Ingrid Matthäus-Maier: Ich halte überhaupt nichts davon, einzelne Vorschläge herauszupicken und darüber zu diskutieren. Bis vor drei Wochen wurde das Haushaltsloch von 50 Milliarden noch verschwiegen. Es kommt auf ein Gesamtpaket an, das muß sozial gerecht sein.
Das sagt auch die Regierung.
Sie tut aber das absolute Gegenteil. Die Regierung will die Vermögenssteuer abschaffen – und gleichzeitig sollen die Arbeitnehmer Nullrunden erdulden.
Aber irgendwo muß man ja anfangen.
Ich fange nicht an: Bis vor drei Wochen wurden die Löcher geleugnet. Wir waren Schwarzmaler und ich die Kassandra. Jetzt gibt man endlich die Löcher zu, aber kommt an mit Einzelvorschlägen statt mit einem Gesamtpaket.
Sie wittern eine Strategie?
Selbstverständlich ist das Strategie. Punkt für Punkt wollen sie uns die Zustimmung für dies und jenes aus der Nase ziehen. Über manche Dinge kann man ja reden, etwa wenn man sagt, bei den Kuren braucht man mehr Eigenbeteiligung. Und dann schaffen sie vier Wochen später mit dem so gesparten Geld die Vermögenssteuer ab und werfen 8,5 Milliarden raus – auf Kosten der sozial Schwachen. Natürlich ist klar, es muß gespart werden, es darf keine Tabus geben. Aber so nicht, wir werden nicht über jedes Stöckchen springen, daß uns die Koalition hinhält.
Was müßte denn zu einem Gesamtpaket dazugehören?
Dazu gehört vor allem, daß die Steuerhinterziehung aktiv bekämpft wird. Waigel muß endlich die Steuerschlupflöcher der Großverdiener dicht machen.
Wo sparen am Sozialstaat?
Wir werden alle Vorschläge prüfen, aber klar ist: Die Substanz des Sozialstaates darf nicht berührt werden.

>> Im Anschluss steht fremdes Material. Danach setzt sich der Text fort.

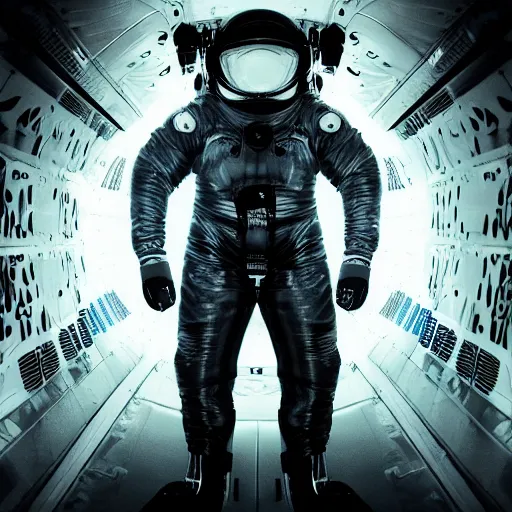 Image similar to concept art diver astronaut in underwater futuristic dark and empty spaceship. infrared complex and hyperdetailed technical suit design. reflection material. rays and dispersion of light breaking through the deep water. 3 5 mm, f / 3 2. noise film photo. flash photography. trend artstation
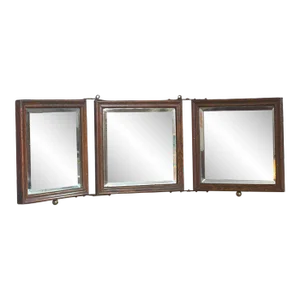 1970s Vintage 3 Fold Mirror With Wooden Baking Floral Design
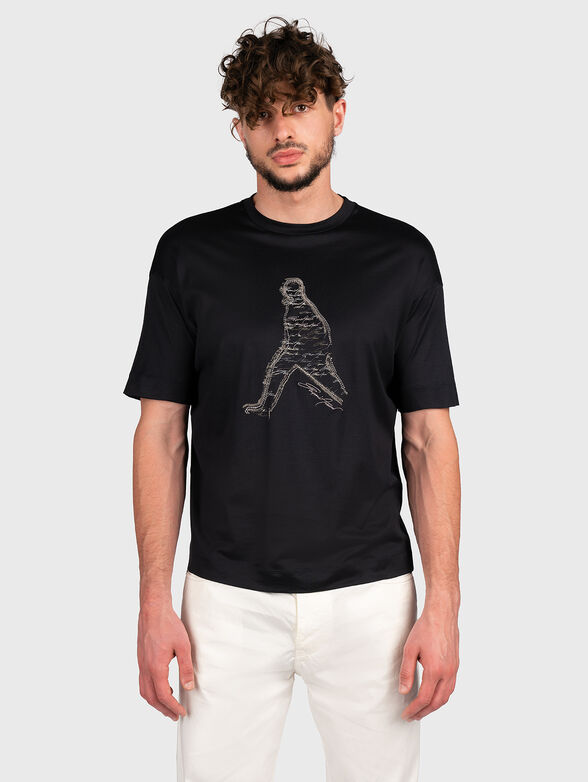 Dark blue T-shirt with art detail - 1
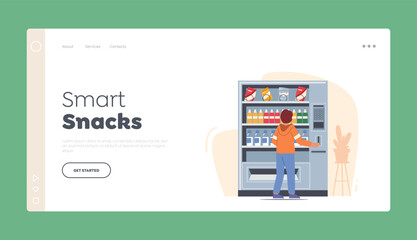 Smart Snacks Landing Page Template. Boy Put Coin For Buying Snack or Drink in School Cafeteria. Vending Machine Food - obrazy, fototapety, plakaty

Aber wie sollen dann die Lohnnebenkosten gedrückt werden?
Wir haben einen sehr konkreten Gesetzentwurf vorgelegt: Danach sollen die Arbeitlosenversicherungsbeiträge um zwei Prozent gesenkt werden. Und das soll finanziert werden durch eine maßvolle Anhebung der Energiesteuern. Außerdem haben wir Vorschläge zum Abbau der Überstunden gemacht. Denn eines muß klar sein: Diese Löcher von 50 Milliarden Mark kriegt man durch Sparen allein nicht in den Griff. Dazu muß auch die Arbeitslosigkeit endlich energisch bekämpft werden. Aber die Regierung bleibt untätig. Die wollte ja gestern entscheiden und hat das wieder verschoben.
Worauf führen Sie das zurück?
Die Regierung ist schlicht und einfach handlungsunfähig, weil sie montelang das Problem geleugnet hat und jetzt nicht darauf vorbereitet ist.

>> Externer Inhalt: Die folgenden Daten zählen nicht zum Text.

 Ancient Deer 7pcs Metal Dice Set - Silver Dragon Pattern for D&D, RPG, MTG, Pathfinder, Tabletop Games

Nun ist ja die Nullrunde für Beamte eine Möglichkeit, die öffentlichen Kassen zu entlasten, und Frau Simonis denkt ja mit der Verlängerung der Arbeitszeit für Beamte in eine ähnliche Richtung.
Ich sage jetzt zu keinem einzigen Vorschlag nein, außer zu der Frage der Kürzung der Lohnfortzahlung. Wir werden es in Ruhe prüfen, aber nur als Gesamtpaket. Was ist das eigentlich für eine Journaille? Die Regierung läßt als Köder immer wieder dieses und jenes fallen, und wir rennen mit hängender Zunge hinterher. Die SPD redet nur über ein vollständiges Konzept.
Was gehört denn aus Ihrer Sicht zu einem Gesamtpaket dazu?
Wir haben sehr konkrete Vorschläge, aber wir finden, jetzt muß erst die Regierung kommen.
Das ist aber doch selbst ein bißchen taktisch, oder?
Sie sind ja vielleicht gelungen. Wir haben doch schon einen sehr konkreten Gesetzentwurf mit der Energiesteuer eingebracht. So eine konstruktive Opposition wie uns hat es lange nicht mehr gegeben.
Aber sie scheinen ja noch mehr auf der Pfanne zu haben.
Unsere Vorstellung ist die: Wir warten jetzt erst mal ab und sehen, was kommt.